Diehl: Lehrkräfte spielen eine Schlüsselrolle dabei, das große Bildungsziel in kleinere und machbare Etappen zu zerlegen. Dies gilt gerade im Hinblick auf Kinder mit Migrationshintergrund. Viele dieser Kinder – und ihre Eltern - haben sehr hohe Bildungsaspirationen. Das ist grundsätzlich eine enorme Ressource. Aber wir sehen auch, dass sie ihre Ziele oft nicht realistisch einschätzen können. Ihnen fehlen häufig Informationen darüber, was erforderlich ist, um diese Ziele zu erreichen – welche Noten sie brauchen, welche Wege offenstehen, welche Hürden bestehen. 

Lehrkräfte können helfen, diese Lücke zu schließen: nicht, indem sie Kindern und Jugendlichen mit Migrationshintergrund ihre hohen Ambitionen ausreden, sondern durch transparente Leistungsrückmeldungen, durch Beratung, durch das Sichtbarmachen von Bildungswegen.

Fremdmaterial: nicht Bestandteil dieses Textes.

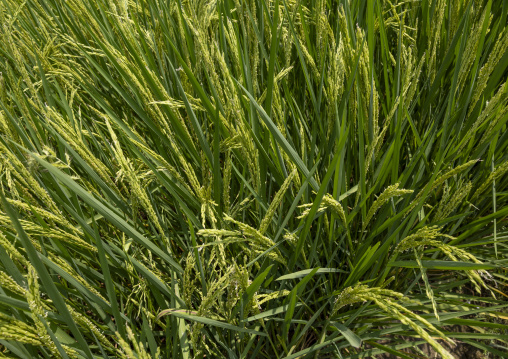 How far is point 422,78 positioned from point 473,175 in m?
0.38

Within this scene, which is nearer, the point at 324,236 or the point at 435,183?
the point at 435,183

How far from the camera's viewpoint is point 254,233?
66 cm

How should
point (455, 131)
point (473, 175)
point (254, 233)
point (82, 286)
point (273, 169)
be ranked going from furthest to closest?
point (473, 175) < point (455, 131) < point (273, 169) < point (82, 286) < point (254, 233)

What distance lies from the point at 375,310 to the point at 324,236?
0.25m

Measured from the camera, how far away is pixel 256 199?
90cm

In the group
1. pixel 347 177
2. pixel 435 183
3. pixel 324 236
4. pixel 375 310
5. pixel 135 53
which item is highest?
pixel 135 53

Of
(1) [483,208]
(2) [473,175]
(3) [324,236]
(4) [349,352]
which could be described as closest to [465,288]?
(1) [483,208]

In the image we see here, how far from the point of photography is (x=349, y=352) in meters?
1.11

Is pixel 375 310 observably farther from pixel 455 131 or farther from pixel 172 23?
pixel 172 23

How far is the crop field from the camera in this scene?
2.40 feet

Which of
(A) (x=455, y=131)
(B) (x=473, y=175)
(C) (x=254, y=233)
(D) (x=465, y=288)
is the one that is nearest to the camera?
(C) (x=254, y=233)

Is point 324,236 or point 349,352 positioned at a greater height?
point 324,236

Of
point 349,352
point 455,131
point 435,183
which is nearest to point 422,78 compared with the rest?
point 455,131

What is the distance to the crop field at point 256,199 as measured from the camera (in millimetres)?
731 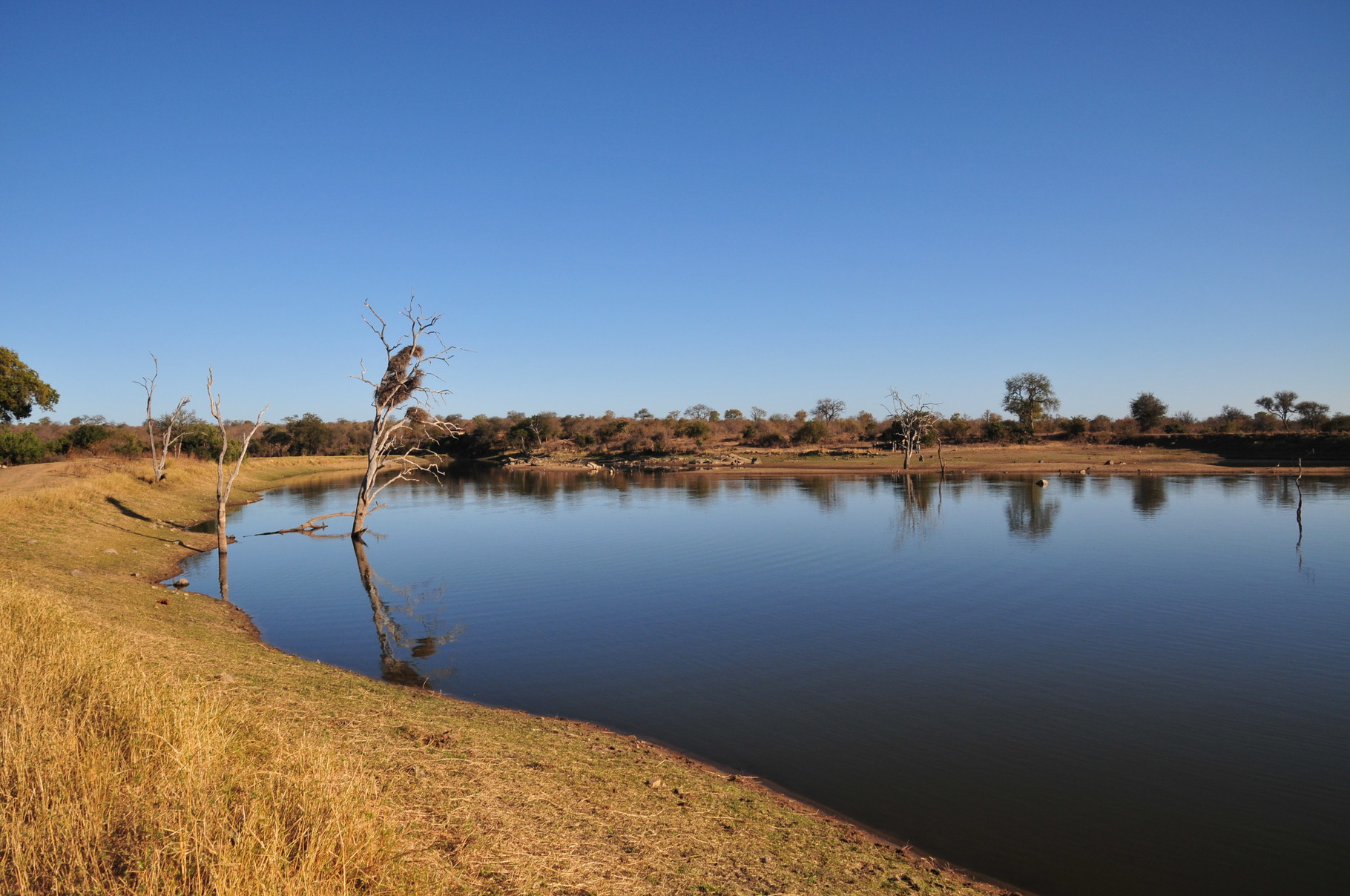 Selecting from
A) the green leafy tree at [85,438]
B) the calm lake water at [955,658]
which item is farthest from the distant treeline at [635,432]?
the calm lake water at [955,658]

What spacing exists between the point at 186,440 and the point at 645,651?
5141cm

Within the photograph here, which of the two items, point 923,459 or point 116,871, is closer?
point 116,871

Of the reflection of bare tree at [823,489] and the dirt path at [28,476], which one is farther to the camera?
the reflection of bare tree at [823,489]

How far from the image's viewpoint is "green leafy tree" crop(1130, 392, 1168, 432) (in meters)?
76.0

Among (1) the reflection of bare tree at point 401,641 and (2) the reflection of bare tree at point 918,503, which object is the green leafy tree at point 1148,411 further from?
(1) the reflection of bare tree at point 401,641

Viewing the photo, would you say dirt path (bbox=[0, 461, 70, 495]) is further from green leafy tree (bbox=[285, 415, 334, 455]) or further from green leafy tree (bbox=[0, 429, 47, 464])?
green leafy tree (bbox=[285, 415, 334, 455])

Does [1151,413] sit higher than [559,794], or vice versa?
[1151,413]

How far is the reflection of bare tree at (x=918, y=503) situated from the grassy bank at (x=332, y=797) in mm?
18654

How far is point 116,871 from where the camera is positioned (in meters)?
3.35

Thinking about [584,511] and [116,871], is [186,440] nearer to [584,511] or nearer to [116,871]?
[584,511]

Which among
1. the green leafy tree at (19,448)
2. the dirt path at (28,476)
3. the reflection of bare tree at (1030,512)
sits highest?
the green leafy tree at (19,448)

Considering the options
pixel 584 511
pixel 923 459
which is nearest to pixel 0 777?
pixel 584 511

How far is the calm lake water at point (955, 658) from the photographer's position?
6734mm

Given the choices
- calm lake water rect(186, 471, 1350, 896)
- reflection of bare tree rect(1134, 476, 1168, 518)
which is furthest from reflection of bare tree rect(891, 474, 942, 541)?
reflection of bare tree rect(1134, 476, 1168, 518) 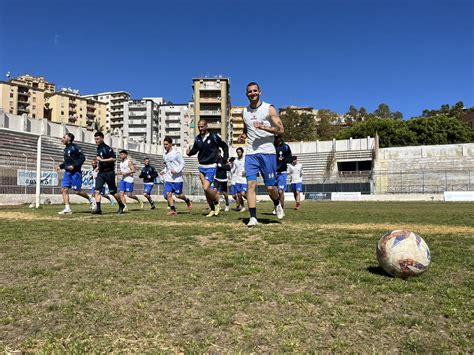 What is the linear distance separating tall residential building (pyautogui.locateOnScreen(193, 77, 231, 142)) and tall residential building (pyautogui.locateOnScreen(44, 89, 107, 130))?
37.4 meters

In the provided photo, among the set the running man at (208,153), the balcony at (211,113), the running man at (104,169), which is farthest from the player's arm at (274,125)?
the balcony at (211,113)

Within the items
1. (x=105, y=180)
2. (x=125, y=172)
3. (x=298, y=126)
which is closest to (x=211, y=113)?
(x=298, y=126)

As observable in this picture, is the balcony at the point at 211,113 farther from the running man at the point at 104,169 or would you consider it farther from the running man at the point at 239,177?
the running man at the point at 104,169

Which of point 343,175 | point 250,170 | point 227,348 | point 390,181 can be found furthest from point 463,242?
point 343,175

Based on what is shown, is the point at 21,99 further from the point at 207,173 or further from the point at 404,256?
the point at 404,256

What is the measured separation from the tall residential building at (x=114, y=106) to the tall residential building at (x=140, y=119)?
3.68 m

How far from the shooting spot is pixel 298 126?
10762 cm

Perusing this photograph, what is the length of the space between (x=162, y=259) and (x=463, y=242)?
4.27 meters

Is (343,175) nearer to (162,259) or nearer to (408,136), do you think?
(408,136)

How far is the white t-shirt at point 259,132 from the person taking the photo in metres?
7.87

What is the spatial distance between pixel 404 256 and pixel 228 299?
174 cm

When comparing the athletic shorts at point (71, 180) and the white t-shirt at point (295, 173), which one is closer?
the athletic shorts at point (71, 180)

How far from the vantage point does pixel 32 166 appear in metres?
24.7

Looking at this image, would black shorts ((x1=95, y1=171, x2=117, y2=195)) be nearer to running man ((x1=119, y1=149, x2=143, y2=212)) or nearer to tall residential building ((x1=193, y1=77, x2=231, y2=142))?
running man ((x1=119, y1=149, x2=143, y2=212)) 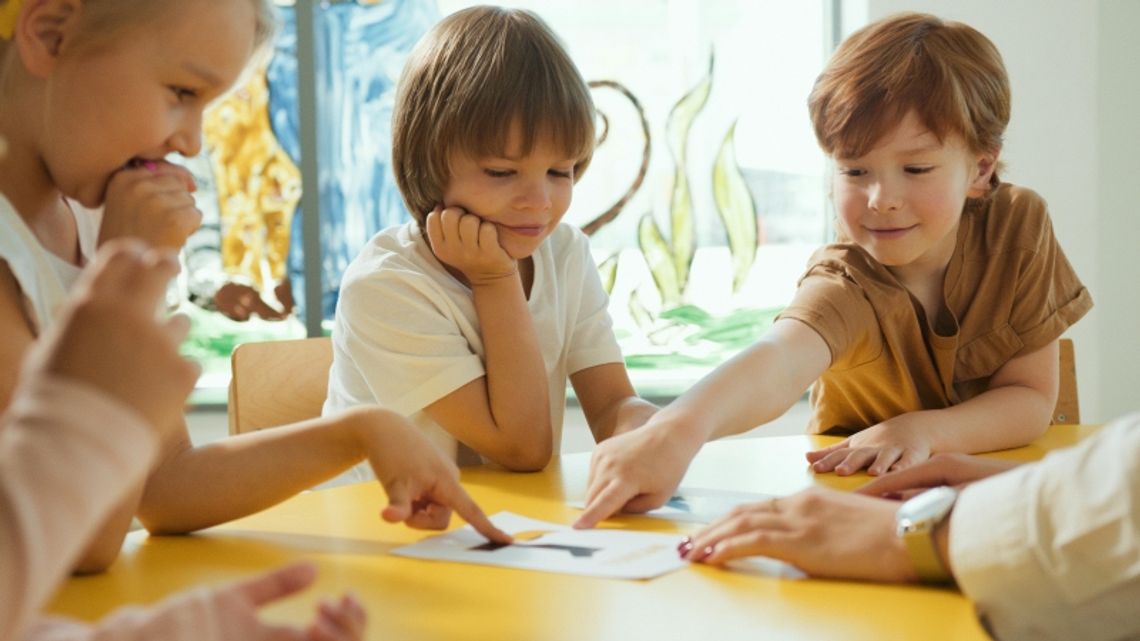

Wichtig ist auch, dass sie erklären, wie das System funktioniert – etwa, was ein bestimmter Schulabschluss ermöglicht. Nur wer das weiß, kann seine Bildungsbiografie aktiv gestalten.

„Lehrkräfte müssen wissen, welchen Einfluss sie auf Identitätsbildungsprozesse haben – ob sie es wollen oder nicht.“

Prof. Dr. Claudia Diehl

Redaktion: Wie lassen sich Kinder aus nicht-akademischen Milieus darin unterstützen, ambitionierte Bildungsziele zu entwickeln – ohne dass sie ihre Herkunft abwerten müssen?

Diehl: Das ist eine sehr interessante Frage. Denn Bildungsaufstieg bedeutet für viele Kinder auch, sich von der Lebensrealität ihrer Eltern zu unterscheiden – was nicht selten mit Schuldgefühlen einhergeht. Gleichzeitig sehen wir, dass viele Kinder aus nicht-akademischen Familien sich gar nicht erst zutrauen, aus den vertrauten Mustern auszubrechen. 

Hier braucht es ein doppeltes Signal: Einerseits die Botschaft, dass Bildungsaufstieg möglich ist. Andererseits die Wertschätzung gegenüber der Herkunft und dem Lebensweg der Eltern. Schule kann das leisten, indem sie Identifikationsangebote schafft, Vorbilder sichtbar macht und nicht nur Leistung, sondern auch Anstrengung und Entwicklung wertschätzt.

Redaktion: In einer Empfehlung fordert die SWK, dass Identitätsentwicklung stärker in die Lehrkräfteausbildung integriert wird. Was bedeutet das konkret – auch im Umgang mit Lehrkräftebias, Leistungserwartungen und Stereotypen?

Diehl: Lehrkräfte müssen wissen, welchen Einfluss sie auf Identitätsbildungsprozesse haben – ob sie es wollen oder nicht. Schon die Art, wie sie Leistung einschätzen, Feedback geben oder Erwartungen formulieren, beeinflusst das Selbstbild ihrer Schüler:innen. 

Es gibt gut belegte Forschung dazu, dass Stereotype – etwa Unterschiede in den Fähigkeitseinschätzungen nach Geschlecht, sozialer Herkunft oder Migrationshintergrund existieren. Diese können auch in Bewertungsprozesse einfließen. Das betrifft nicht alle Lehrkräfte, aber es reicht, wenn es einige tun. Deshalb gehört dieses Wissen in die Ausbildung. 

Wir brauchen Angebote, die Lehramtsstudierende dafür sensibilisieren, wie Erwartungseffekte wirken, wie sie sich selbst hinterfragen können, und wie sie durch gezielte Beziehungsgestaltung das Bildungsklima für alle verbessern können. Das ist kein Zusatzwissen – das ist professionelles Handeln. 

Redaktion: Frau Professorin Diehl, wir danken Ihnen für dieses Gespräch.

Zur Person

Claudia Diehl ist Professorin für Mikrosoziologie an der Universität Konstanz und leitet das Konstanzer Zentrum für Migrationsforschung. Sie forscht zu Bildungsungleichheit, Integration und Zugehörigkeit. Als Mitglied der Ständigen Wissenschaftlichen Kommission der Kultusministerkonferenz (SWK) bringt sie migrationssoziologische Perspektiven in die Bildungsdebatte ein.